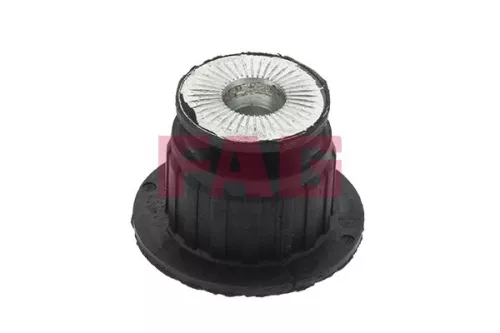 Bushing, axle cross member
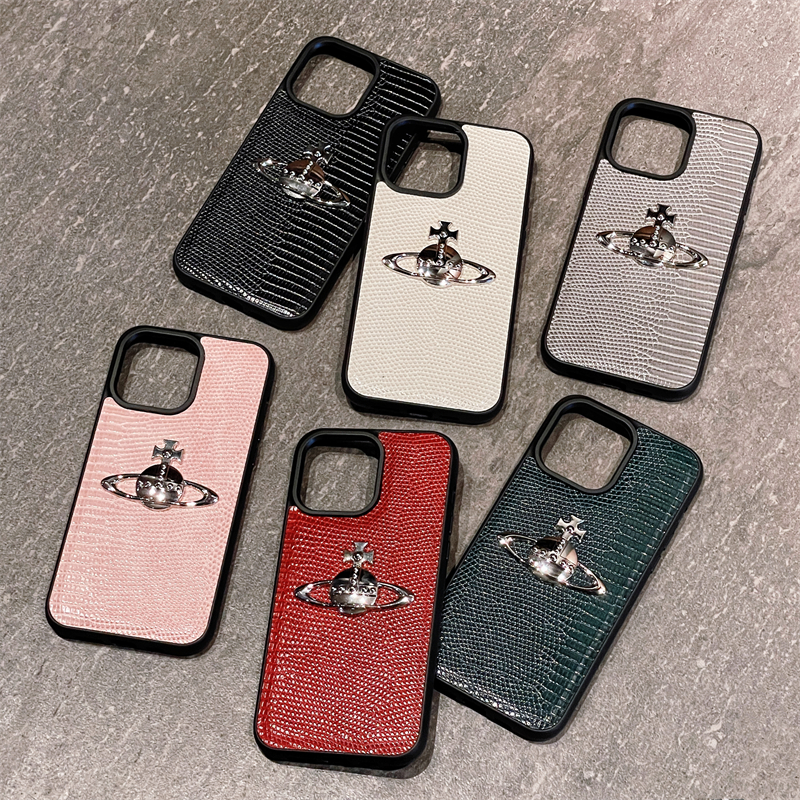 ヴィヴィアンウエストウッド iPhone15 Pro Maxケース リザードスキン iPhone15 Proケース Vivienne Westwood  アイフォン15カバー かわいい 芸能人愛用 iPhone14 13 Pro Maxケース ヴィヴィアン ブランド メンズ レディース ファッション  ...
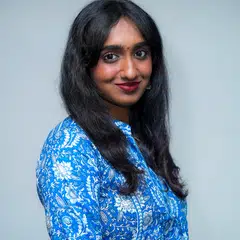 யோகிதா அன்புச்செழியன்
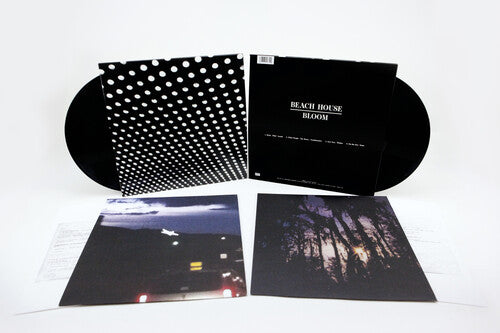 Beach House: Bloom ( Vinyl )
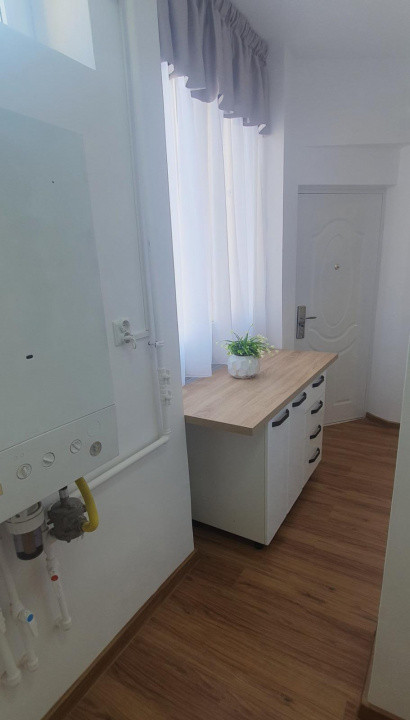 Apartament 3 camere | Bulevardul Magheru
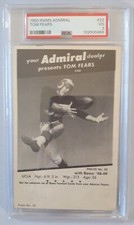 1950 admiral tom for sale  Granada Hills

* **Exercise brief**
Copy exactly the lines from the one containing "Apartament 3 camere | Bulevardul Magheru" through the last line of the records above, including both, and omit every picture.

* **Result for this task**
 Apartament 3 camere | Bulevardul Magheru
 1950 admiral tom for sale  Granada Hills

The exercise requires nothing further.